Ascoltò un istante alla porta, sorrise, passò alla camera del duca — cui trovò chiusa... e si ritirò.


XIX.

Fiat lux

La duchessa si lasciò cadere sulla dormeuse.

La sua immaginazione prese in un istante le ali degli angeli e la condusse, in pochi secondi, a traverso i suoi anni di giovinetta, poi di giovane donna, poi di giovane madre. Il suo passato le formava intorno un pianeta. Passava per la via lattea della sua innocenza e si elevava verso le altitudini cui i primi raggi dell’aurora invermigliano.

Quei fuochi eran quelli del salone di Morella!

Questa memoria imporporò le guance di Vitaliana.

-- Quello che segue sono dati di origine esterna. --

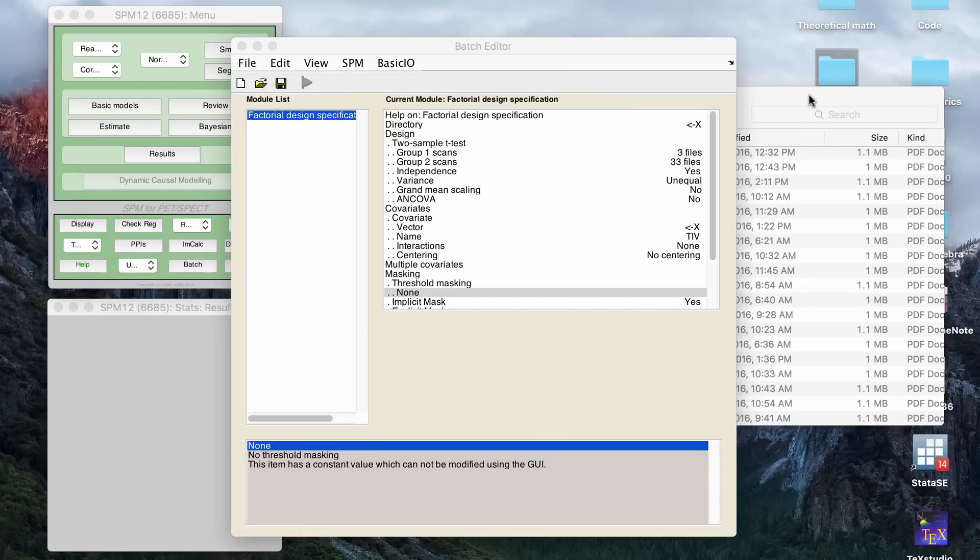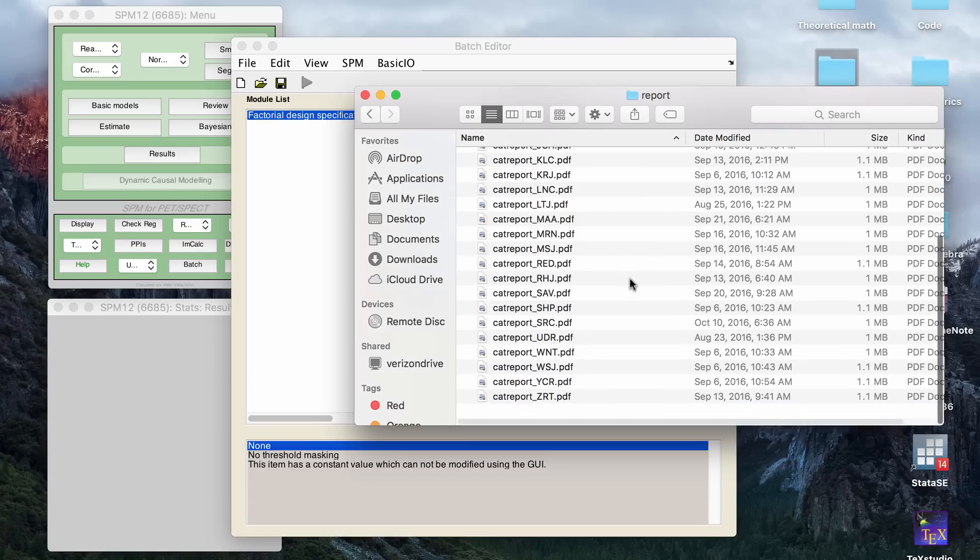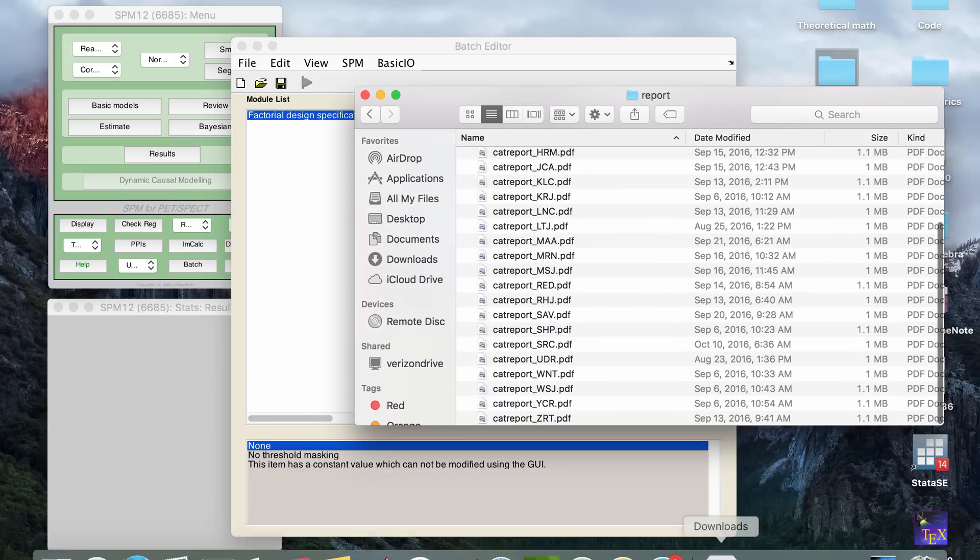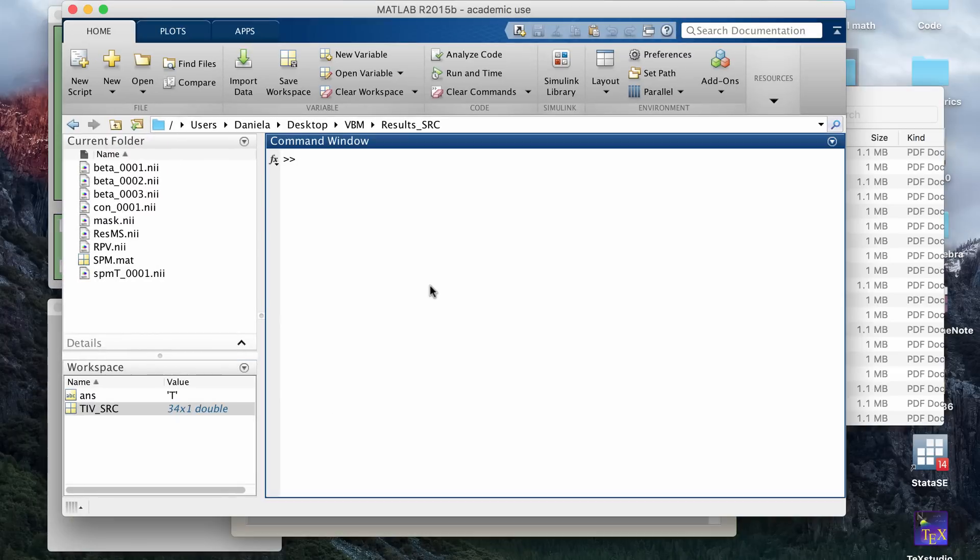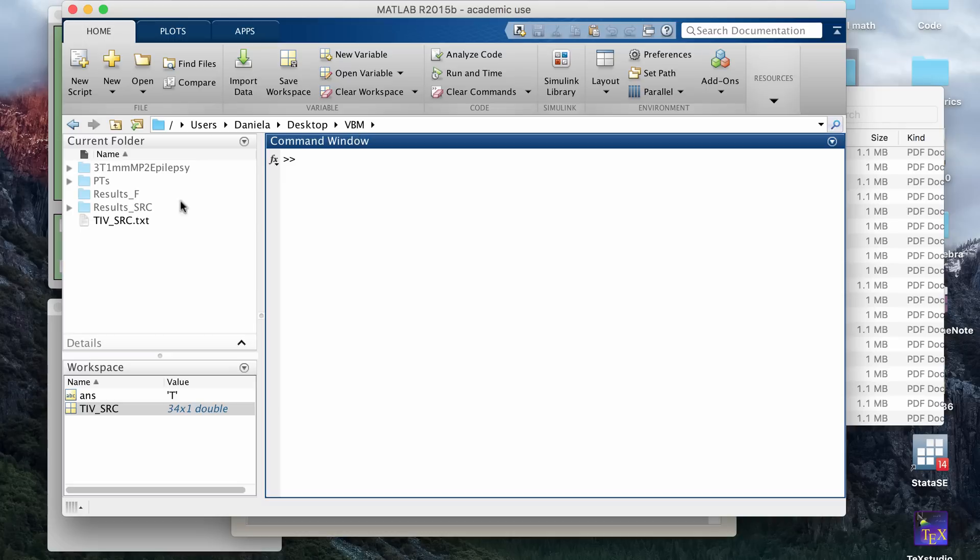So after you create that text file manually, then let me show you how you load it into your GUI. So you want to go to your MATLAB terminal and then go to the folder where you have your text file. So for me, it's here and I can see it in my current folder window. Then you want to go to the terminal and type load, TIV, and the name of your text file.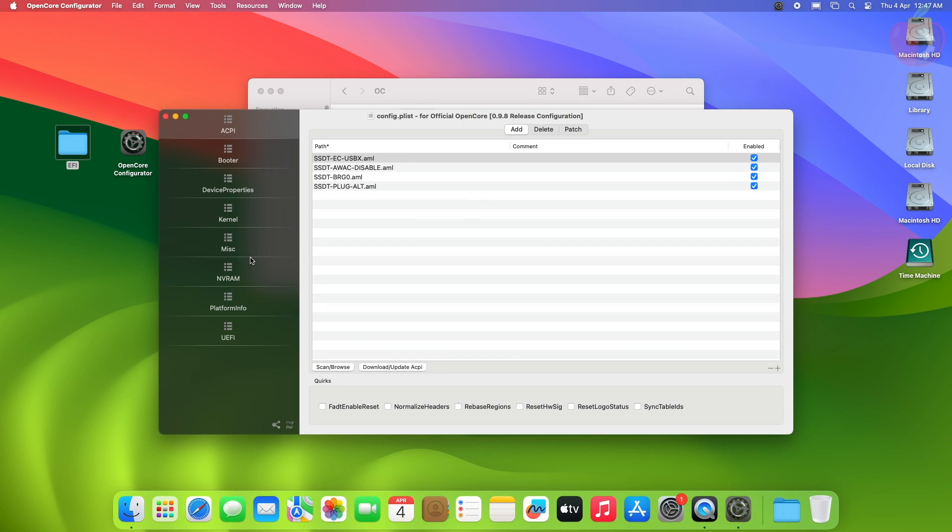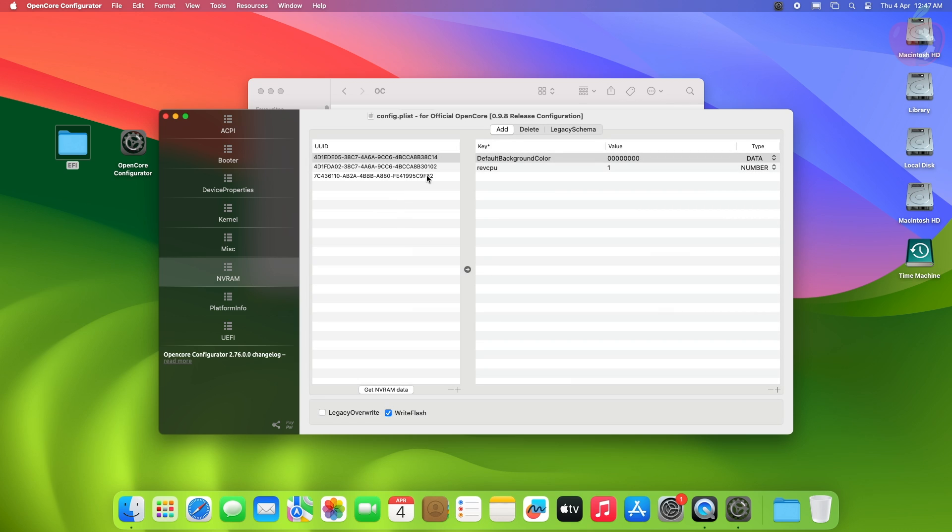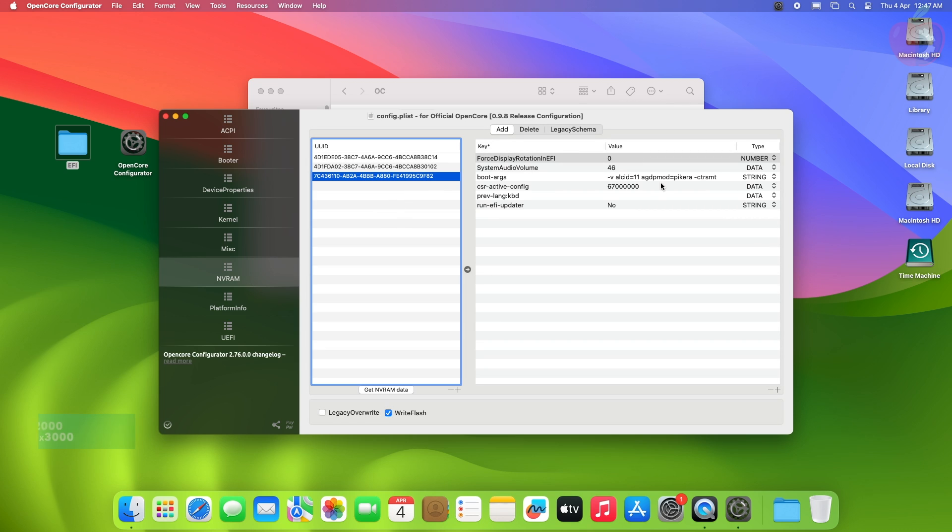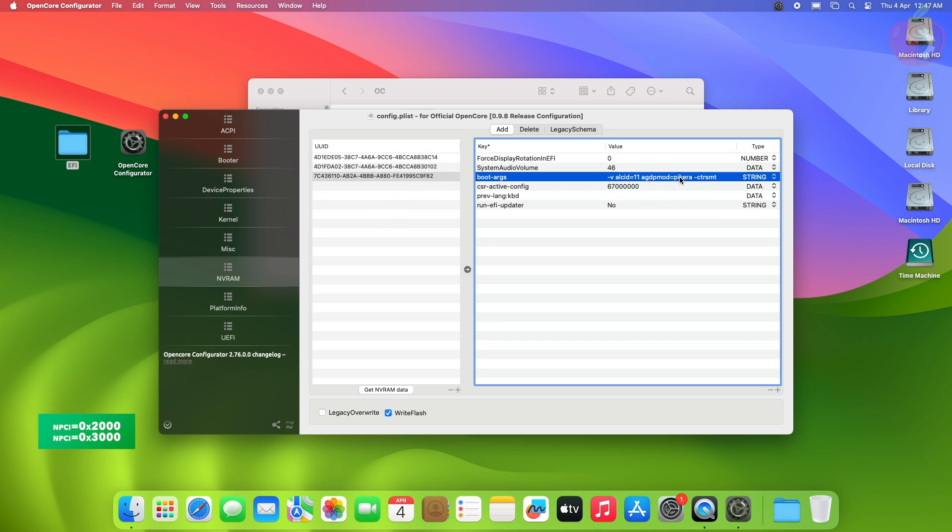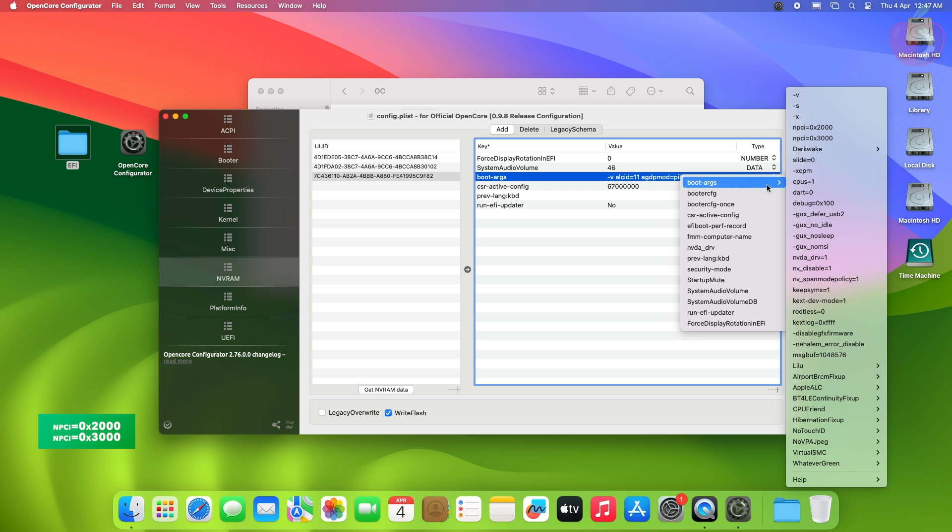Here go to the nvram tab, and then select the last uuid, and then add either of the boot args. Make sure to not use both args at once.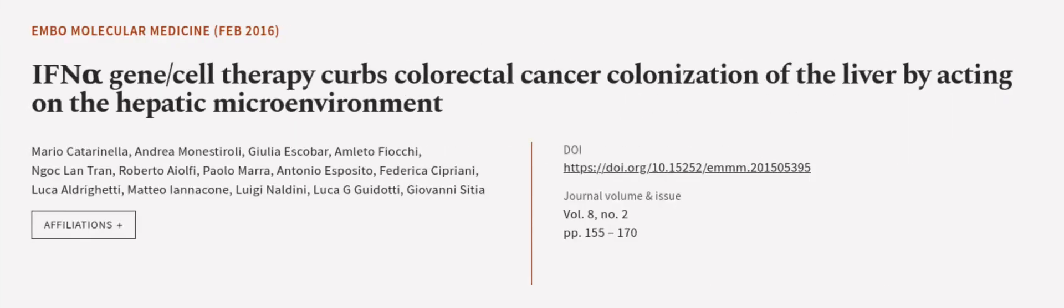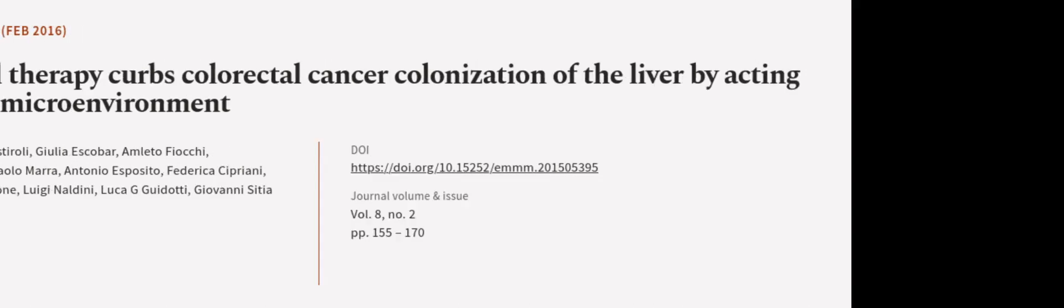This article was authored by Mario Caterinella, Andrea Monestiroli, Giulia Escobar, and others. We are article.tv, links in the description below.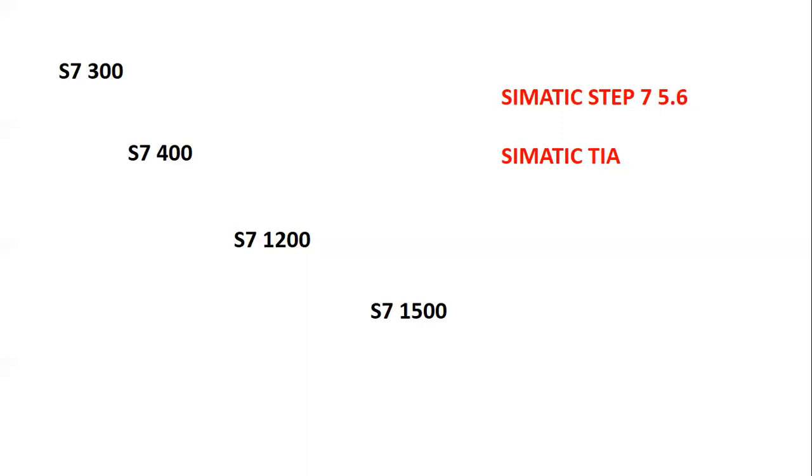In future, only SIMATIC TIA will be available. Maybe they will stop selling SIMATIC Step 7 5.6.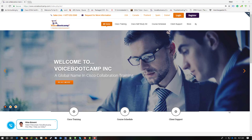Welcome to Voice Bootcamp, a global name in unified communication. Hello, my name is Faisal Khan, CEO and founder of voicebootcamp.com.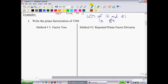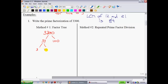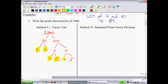We're going to look at two different methods of factoring. The first is the factor tree method, which most students prefer. Starting with 3300 and asked to prime factorize it, we look for a number we know goes in — I'd write it as 33 times 100. Then we factor 33 as 3 times 11, both prime. For 100, we do 10 times 10, then 2 times 5 and 2 times 5. Highlighting those prime factors, multiplying them all together gives you 3300.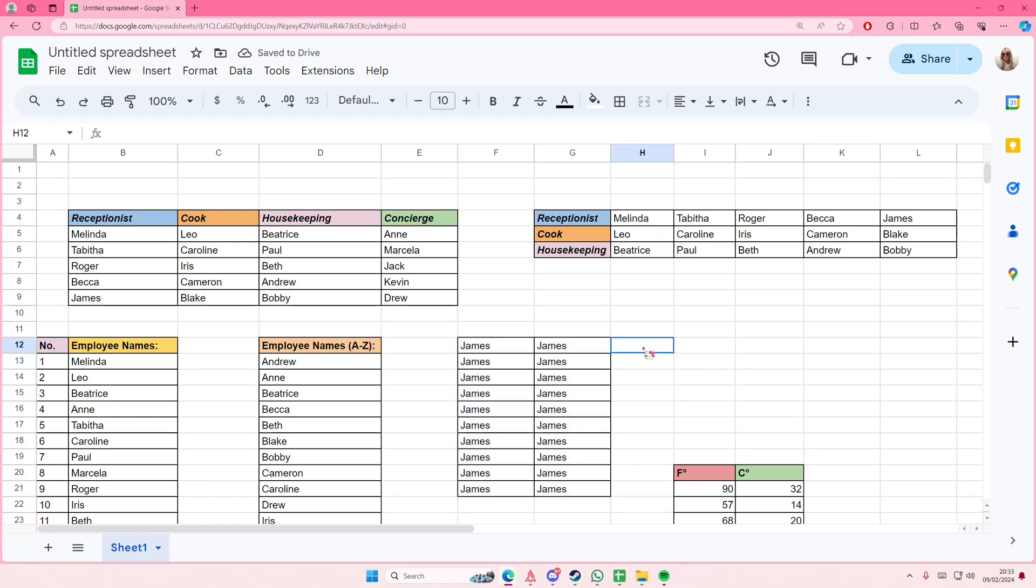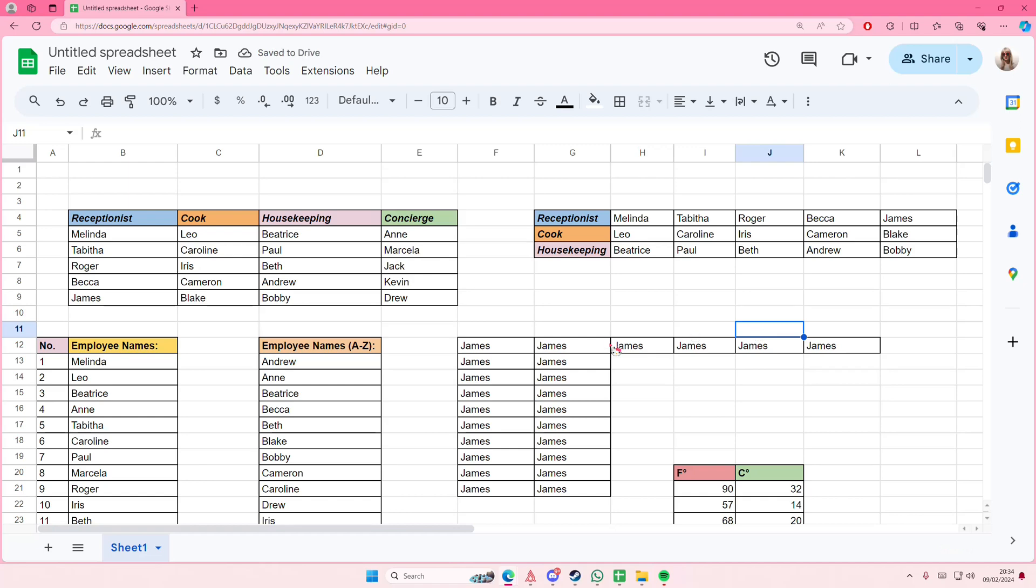You can also paste it this way as well, and it will paste it to the right instead of down. But yeah, that is basically how you can copy and paste multiple things on Excel.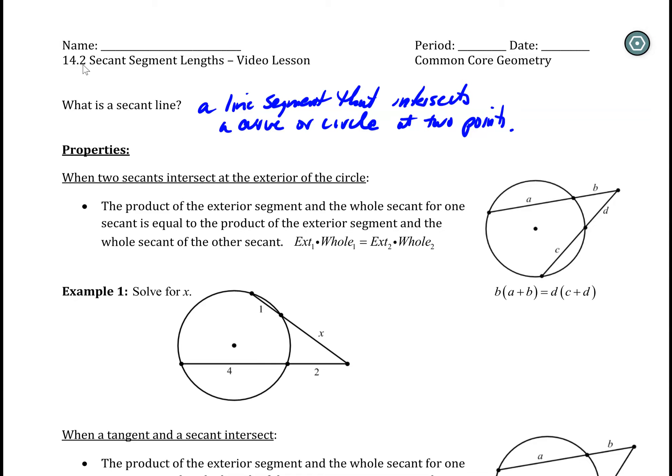There are two properties that come out of this. One of them is what happens when you're solely talking about two secant lines. As you can see in this example, I've got two secant lines — here's one of them, and here's the other one. The blue line intersects the circle at two spots, and the green one intersects at two spots. When they come together outside of the circle — at an exterior point — you get a relationship between the parts of the secant lines and the whole secant lines themselves.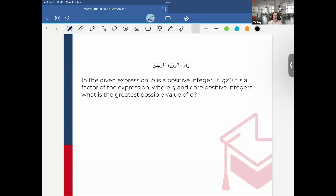Hi everyone, I'm Jackie, and today I'm going to go over the most difficult SAT math question that appeared on the May 2024 SAT exam. Let's just jump into it.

La sua testa bruciava di già. Il suo sangue bolliva ed aveva una tanta violenza di flusso e riflusso, che si udivano i battiti del cuore. I suoi occhi avevano delle fiamme come quelle dei punch, piuttosto come quelle di quegli angeli che i primi amarono le figlie dell’uomo. Il seno di Vitaliana si gonfiava come il mare sotto le carezze della luna; la sua respirazione ardeva.

Psiche era animata!

Sembrava più alta.

Ella poteva dire dell’amore ciò che Ovidio aveva detto dell’ispirazione: un Dio è in noi; al suo soffio bruciamo — est deus in nobis, flavente calescimus illo!

A questo zenit del parossismo del vaneggiamento, o piuttosto dell’intospezione, ella ebbe come una scossa e saltò impiedi.

Adriano entrava.

La porta del balcone del suo boudoir, di dove il duca era passato, era stata lasciata aperta dal padrone della casa.